Так и сделали. И обнаружилось, что это был старший политрук Барбашев, который в августе 1941-го выносил на себе знамя старейшей дивизии Красной Армии — 24-й Самарско-Ульяновской Железной стрелковой. В тяжёлых боях первого года войны она понесла большие потери. А поскольку знамя дивизии пропало, её расформировали. И вот теперь благодаря мужеству Дмитрия Тяпина знамя нашлось.
— Да как же вы не побоялись похоронить наших командиров и знамя спрятать? — взволнованно расспрашивали офицеры ветерана. — Это же было очень опасно! Узнали бы немцы — и всё, пиши пропало.
— Конечно, опасно, — улыбнулся Тяпин. — Да ведь что такое знамя? Это же не кусок ткани, на котором что-то там написано. Знамя — это символ нашей воинской чести и славы. Не дай Бог если знамени или даже его древка коснётся рука врага. Ну а в бою сам погибай, а знамя спасай. Так что действовал я так, как положено.
— А в царской армии вы где успели повоевать?
— На двух войнах. За русско-японскую получил медаль «За храбрость» 4-й степени, а за германскую — Георгиевские кресты 4-й, 3-й и 2-й степеней. Просто так такие награды никому не давали. Защищать Отечество — это святое дело, сами знаете, сынки.
Молодые офицеры с уважением переглянулись. Не каждый день встретишь ветерана двух войн! И сразу стал понятен поступок старика. Достойная у него была воинская закалка, и не мог он со знаменем поступить иначе.
Когда о подвиге Дмитрия Тяпина узнали в Москве, Маршал Советского Союза А. М. Василевский приказал наградить колхозника орденом Красного Знамени и навечно зачислить в списки одного из полков 24-й стрелковой дивизии.
Такой случай был уникальным. Обычно навечно зачисляют в списки воинской части погибшего героя, который в этой части служил. А тут Тяпин был жив и здоров, к тому же на военной службе давно не состоял.
Когда ветеран узнал об этом, он даже обиделся:
— Что значит «зачислить в списки»? Я не числиться в полку хочу, а воевать. Силы ещё есть, слава Богу, да и своё знамя всегда под присмотром будет.
Возражать старику не стали, и старшина Тяпин в рядах своего полка закончил войну в Праге в 1945 году. За мужество в боях он был награждён вторым орденом Красного Знамени.
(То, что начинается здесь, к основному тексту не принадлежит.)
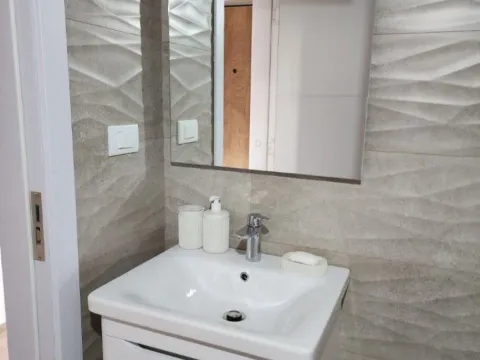 Prodaja, jednosoban stan, 34m², Ulcinj, Crna Gora - image 4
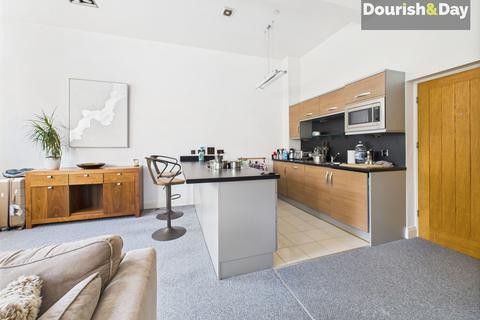2 bedroom flat for sale, The Oval, Stafford ST17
А после войны на парадах 24-й стрелковой дивизии ветеран трёх войн всегда был знаменосцем — гордо вышагивал во главе парадных расчётов, держа в руках спасённое им знамя.
...Прошли годы, но крестьянин из белорусского села Анютино Дмитрий Тяпин так и остался единственным человеком, кто был при жизни навечно зачислен в списки воинской части.